Why Businesses Like ACH Payments

Businesses benefit from sending and receiving funds with ACH. When customers pay by check, businesses need to wait for the mail to arrive – then they need to get the check to the bank. Payments get lost sometimes, and entering those payments into a recordkeeping system is labor-intensive. Electronic payments are received more quickly and reliably, and there’s no need to forward checks to the bank and wait a few days to find out which checks bounced (however, the ACH does not give you a real-time approve/deny response like a credit card terminal does).

For businesses that accept payment by credit card, it costs less to process an ACH transfer than it costs to accept a credit card payment. Especially when collecting recurring payments, those savings add up, and automating those payments only increases the benefits.

Finally, businesses can accept payments by ACH remotely (although the same is true for credit cards). If your customers don’t have credit cards or prefer not to use them, ACH can add flexibility.

Why Consumers Like Paying with ACH

Consumers also benefit from ACH payments. There’s no need to write checks and get them into the mail on time. If using automatic ACH payments, they do not need to keep an eye out for bills – everything runs on autopilot – for better or worse.

How to Accept ACH Payments from Customers

To accept payments by ACH, you’ll need to partner with a payment processor. It’s possible that you already have a relationship with one – you’re just not yet using the ACH service (however, there are plenty of payment processors out there, so it pays to shop around for one that does exactly what you need).

Start by asking your existing service providers if they can handle ACH payments for you:

  • The bank where you keep your business accounts
  • The company that processes credit card (or other) payments for you already
  • Your accounting software service provider

Compare their offers against vendors that you find through online searches – new competitors enter the business regularly.

How Much Does it Cost?

ACH is an option for businesses of any size. You’ll obviously pay less if you have higher volumes, but the same is true for credit card payments. NACHA reports that average costs are around 11 cents per transaction. For small businesses, service providers might charge three to five times that much (some only charge per-transaction, while others include a monthly fee or take a percentage of each payment). Depending on your average ticket size, those costs might still be competitive with the costs of processing debit card payments.

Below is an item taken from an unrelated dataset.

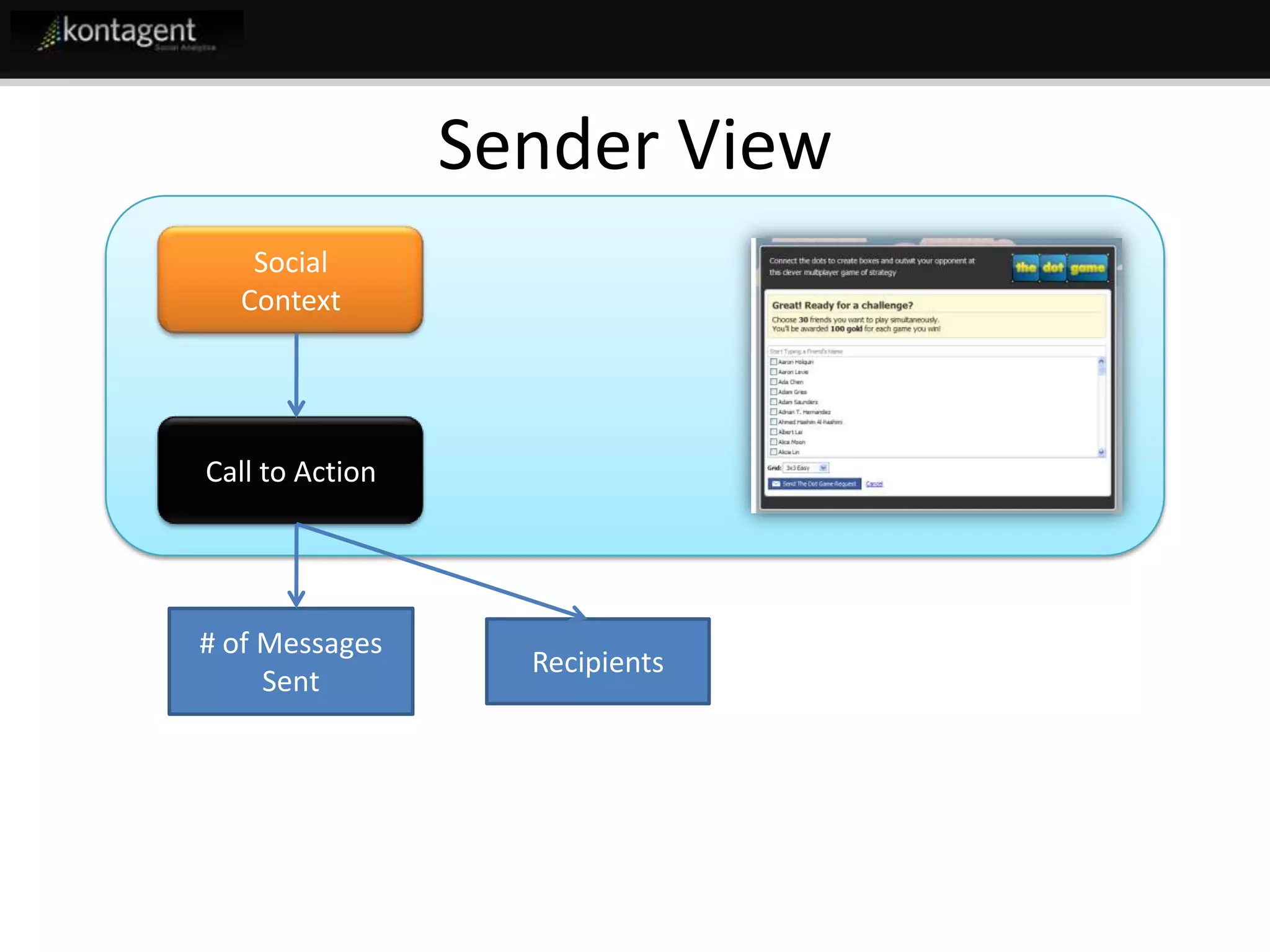 Kontagent Fb Developer Garage Final Jeff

Be sure to look at the big picture when evaluating alternatives: it might not cost anything to accept checks, but what’s the tradeoff? Dealing with those checks takes time, and funds probably don’t get into your account as quickly. For some businesses (consultants who only get one or two checks per month, and for whom cash flow is not an issue), it might be more trouble than it’s worth to set up ACH. But others might come out ahead just by creating more time in the day.